**Material for this task**:
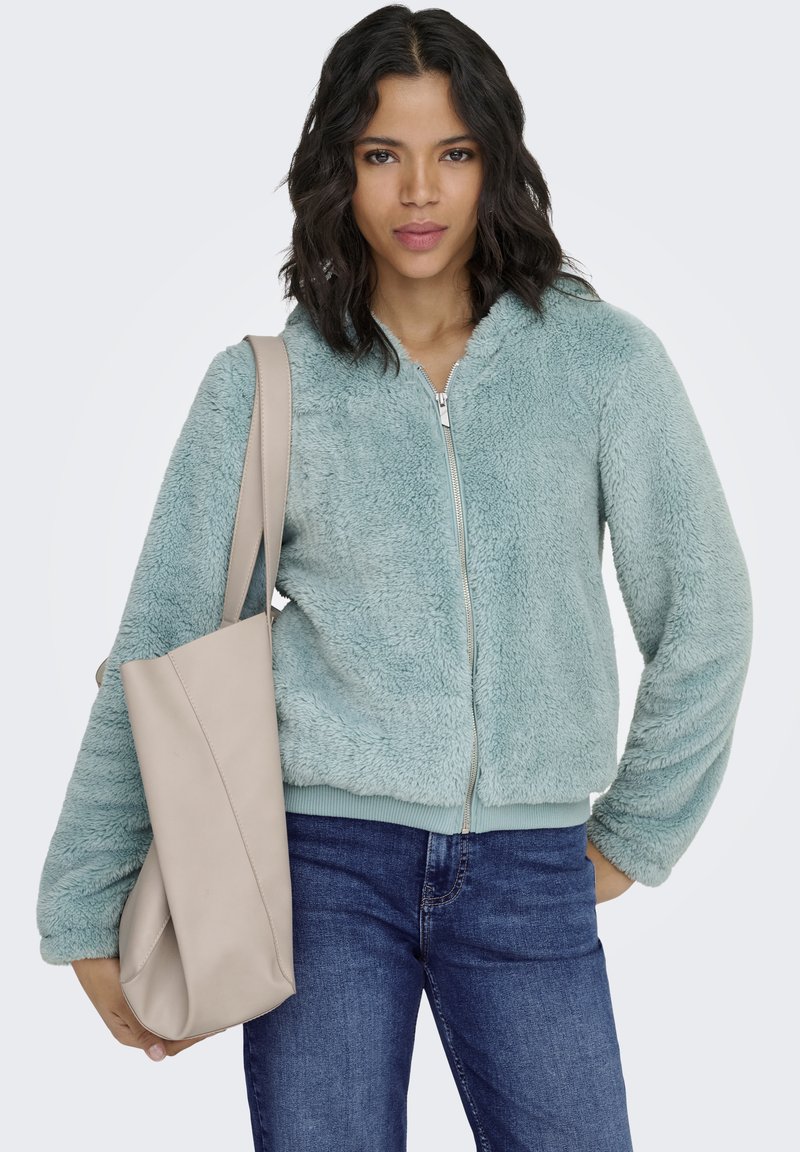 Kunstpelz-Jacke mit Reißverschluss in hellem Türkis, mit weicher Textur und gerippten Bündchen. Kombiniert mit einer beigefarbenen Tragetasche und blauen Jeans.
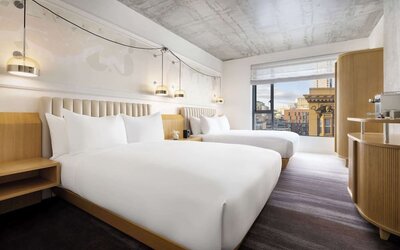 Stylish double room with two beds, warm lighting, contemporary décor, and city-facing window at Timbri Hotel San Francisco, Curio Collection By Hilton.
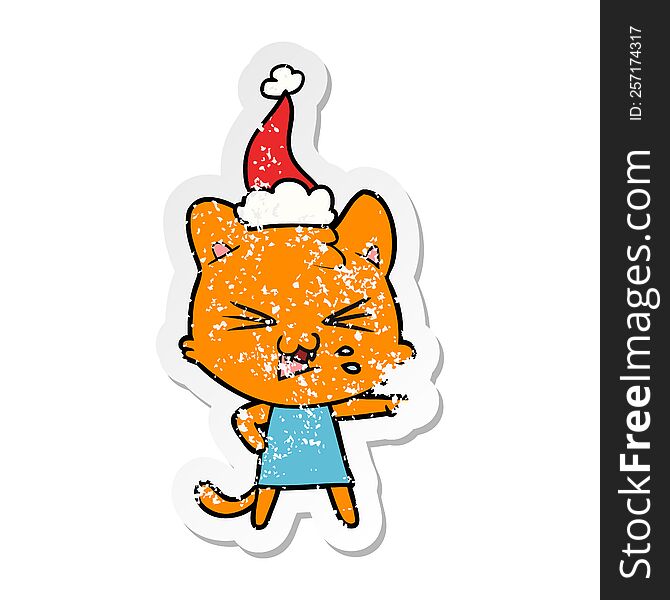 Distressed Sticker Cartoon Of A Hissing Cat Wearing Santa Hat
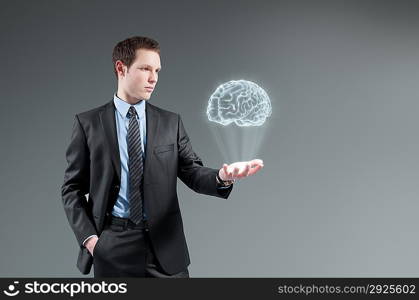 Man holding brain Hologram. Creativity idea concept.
---
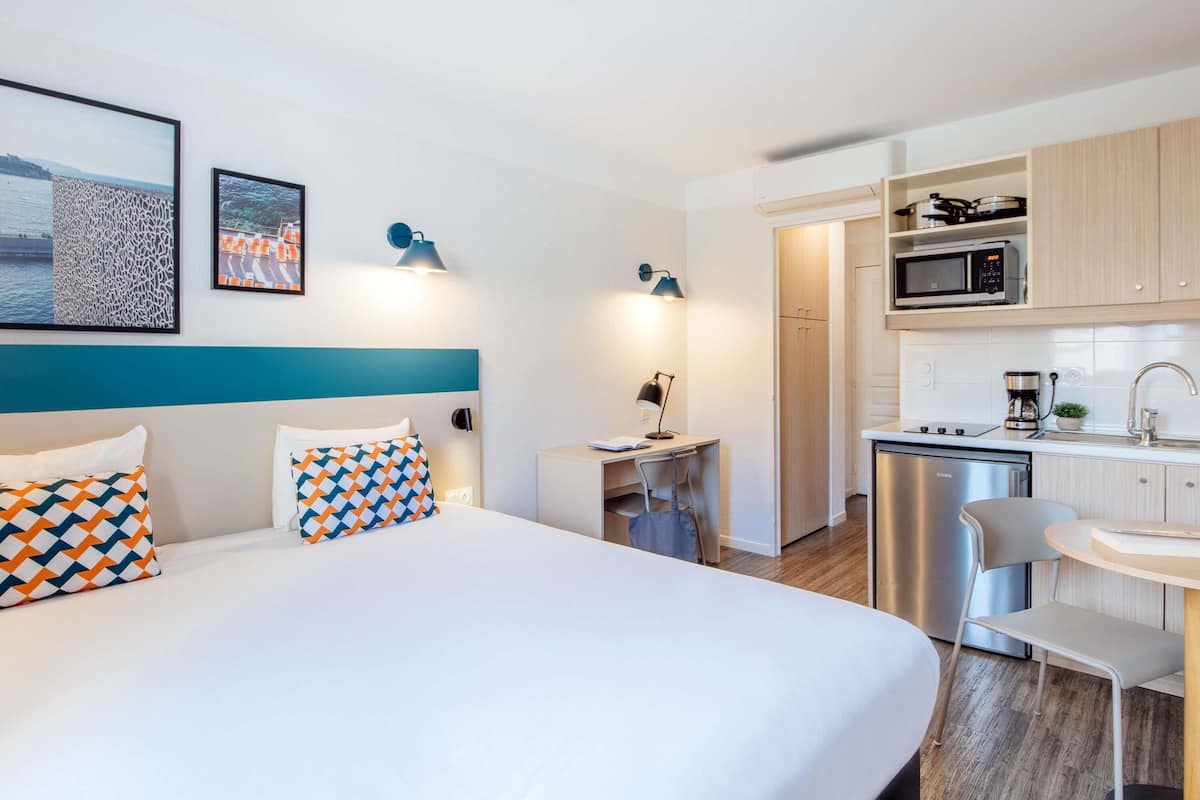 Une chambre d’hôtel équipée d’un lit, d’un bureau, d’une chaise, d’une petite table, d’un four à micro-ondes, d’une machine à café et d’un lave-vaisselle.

**Your instructions**: In the material above, which lines fall between the one holding "Distressed Sticker Cartoon" and the one holding "Man holding brain", inclusive? Print exactly those, with the pictures left out.

**Reply to the task**:
 Distressed Sticker Cartoon Of A Hissing Cat Wearing Santa Hat
 Man holding brain Hologram. Creativity idea concept.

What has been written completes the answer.